For people who like to learn from others' mistakes, here are some online multiscanners: VirusTotal and Jotti. A "clean" scan doesn't necessarily mean the file's really clean, of course, but a "dirty" scan can sure tell you to stay the heck away from the file AND its source.

Sunbelt's sandbox is another interesting resource. You can submit a file and their automagic sandbox will run the file and see what it would do, then email you the results. Some malware is aware that it's in a virtual environment and won't play ball, however.
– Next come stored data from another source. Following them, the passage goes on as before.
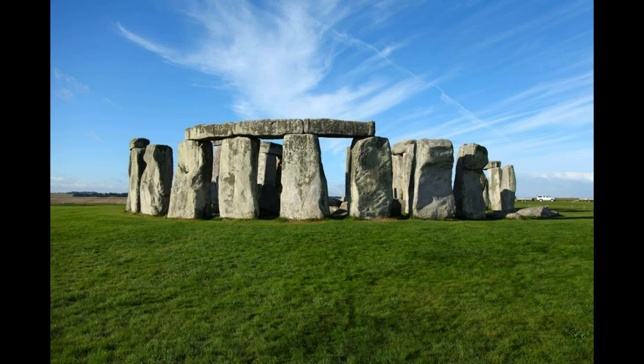Hey guys, welcome to another video. So as you guys see behind me, we are at Stonehenge Memorial. The building that you see behind me is called Stonehenge. It's located in Marysville, Washington, and this is a replica of the one that was built in England. And basically they built this in order to remember all the people that died in World War I.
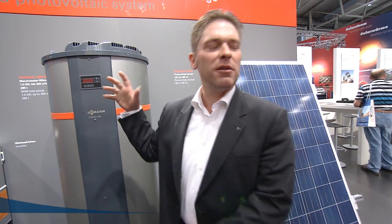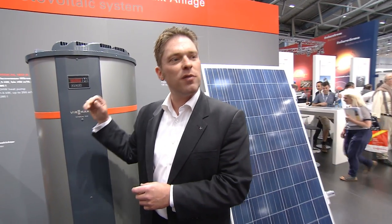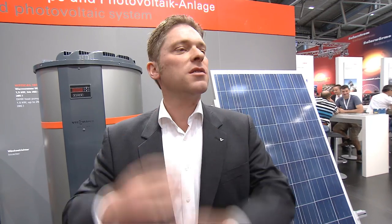We have two primary solutions for transforming solar electricity into heat. The first is the classic portable water heat pump — in this case, the solar electricity is used to heat normal drinking water. Then we have our new Vitocal 22S. This can heat drinking water, cool the building, and has an integrated system controller that takes into account the photovoltaic yield, controlling its parameters.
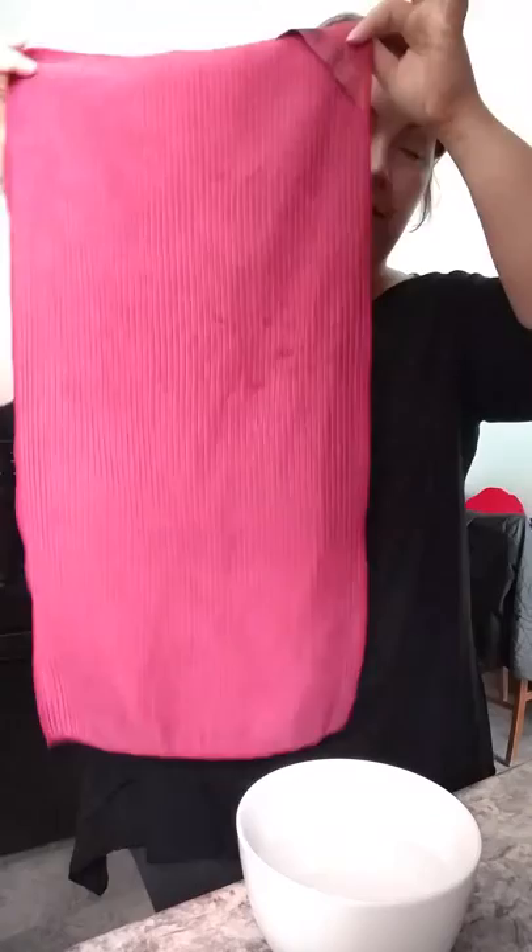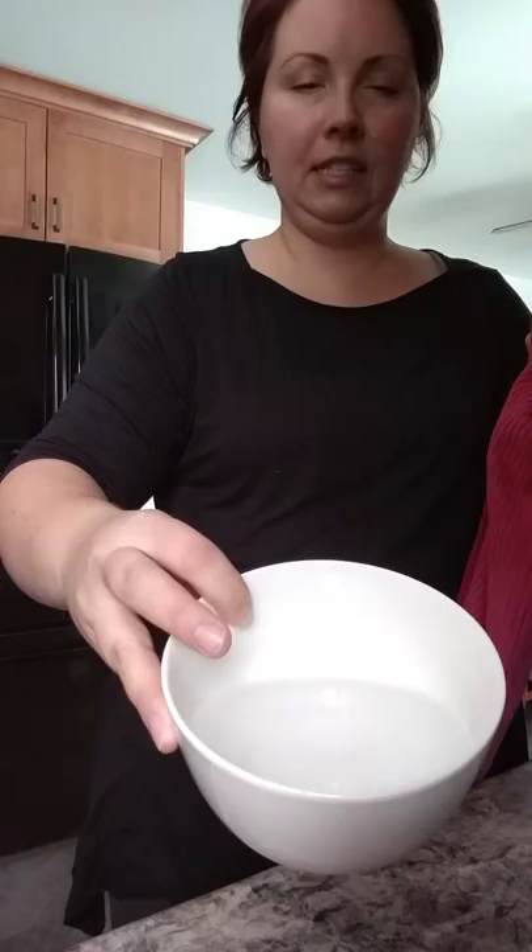So what I'm going to show you today is just how absorbent this kitchen towel is. I have here a bowl of water — it's a cereal bowl and it's full of water — and I'm going to take this cloth and put it in here.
Gamingphreek, would you mind PM'ing me where to find that file? I'm curious to see what it is, what it does.

 

[mayest]

Originally posted by: mechBgon
One other interesting resource is Sunbelt's sandbox where you can submit a file and their automagic sandbox will run the file and see what it would do, then email you the results. Some malware is aware that it's in a virtual environment and won't play ball, however.

Mech: Thanks, that looks like a good resource. I assume that they don't abuse your email address, right? Also, here is a fixed link.

 

[mechBgon]

Originally posted by: mayest

Originally posted by: mechBgon
One other interesting resource is Sunbelt's sandbox where you can submit a file and their automagic sandbox will run the file and see what it would do, then email you the results. Some malware is aware that it's in a virtual environment and won't play ball, however.

Mech: Thanks, that looks like a good resource. I assume that they don't abuse your email address, right? Also, here is a fixed link.

Oops, sorry about the blank link I've sent various stuff to Sunbelt and not got any unwanted email, they're OK. They also have an interesting (to me) blog showing lots of stuff that crops up in their spyware research, like fake codecs of DOOM :Q which come out at the rate of about one new one every 90 minutes on average.